Oil ends at 5-month high after data shows drop in crude supplies


A government report showing a large drop in U.S. crude inventories, including those in Cushing, Oklahoma resulted in oil futures posting their highest close in five months in Wednesday’s trading. But analysts say an unexpected increase in gasoline stocks apparently stalled the oil futures increase.

West Texas Intermediate crude for September delivery finished the day up 49 cents or 1.2% at $42.19 a barrel in trading on the New York Mercantile exchange. It had been as high as $43.52.

Global benchmark Brent crude for October closed up 74 cents or 1.7% and finished at $45.17 a barrel on ICE Futures Europe. The Wednesday close for both WTI and Brent were their highest settlements since March 6 reported MarketWatch.

The Energy Information Administration said U.S. crude stocks fell by 7.4 million barrels in the week ended July 31, while gasoline inventories rose 419,000 barrels and distillate supplies increased by 1.6 million barrels.

“Despite ongoing subdued refining activity amid stymied demand, oil inventories showed a large draw, even though we saw a rebound in imports,” said Matt Smith, director of commodity research at ClipperData. “The U.S. Gulf Coast accounted for the entire drop, where inventories drew by 7.4 million barrels amid low waterborne imports and ongoing strength in exports.”

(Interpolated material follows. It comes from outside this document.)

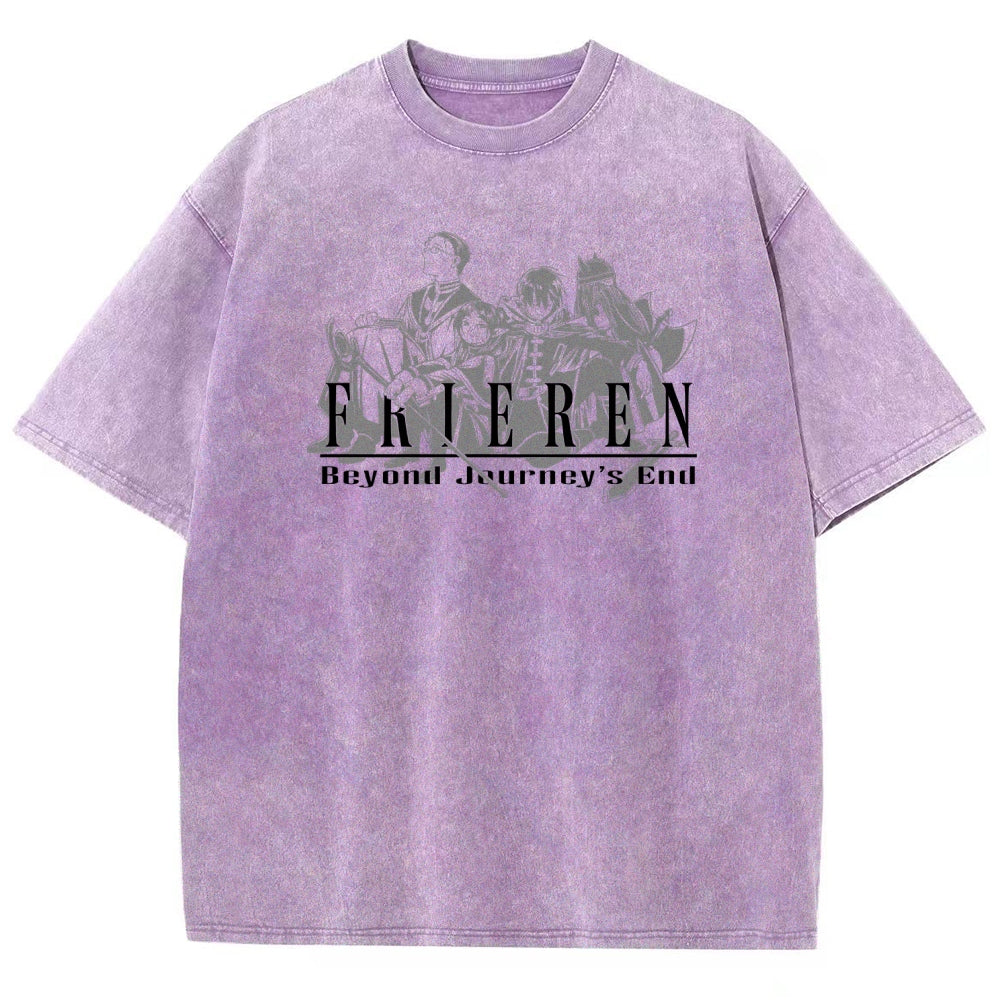 Frieren Unisex Fit Washed T-Shirt 2507030956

Meanwhile, gasoline and distillate inventories rose “as implied demand continues to be adrift of year-ago levels,” he said.

Analysts surveyed by S&P Global Platts, on average, had looked for EIA crude inventories to show a fall of 4.1 million barrels, while gasoline stocks are forecast to decline 1.3 million barrels and distillate supplies are seen rising 100,000 barrels.

Gains for crude were stoked late Tuesday when the American Petroleum Institute, an industry trade group, said U.S. crude-oil inventories fell 8.6 million barrels last week, according to sources. API said gasoline stocks fell by 1.7 million barrels, while distillate supplies rose by 3.8 million barrels.

Some market watchers warned that upbeat expectations reflected by the crude rally may be premature.

“Though fears of weak demand due to corona are beginning to recede into the background at present, we believe the optimism displayed by oil market participants and oil prices themselves to be excessive,” said Eugen Weinberg, commodity analyst at Commerzbank, in a note. “OPEC’s premature expansion of production and the fact that demand remains fairly weak argue against any further price rise.”

On the supply side, OPEC+ pledged to cut output by 9.7 million barrels a day beginning in May, easing to 7.7 million barrels a day this month and running through the end of the year. Countries that exceeded the earlier curbs are supposed to further curtail output, which means output is targeted to rise by around 1.5 million barrels a day beginning this month, though skeptics doubt that past violators of such agreements will fully comply.

Some of the Oklahoma related stocks showed signs of improvement as Ovintiv rose 56 cents for a 5.33% change before settling Wednesday at $11.07 a share.

SandRidge Energy was up 15 cents or 9.26% to finish at $1.77 per share.

Devon Energy saw an increase of 8.57% or 95 cents per share to end the day at $12.04.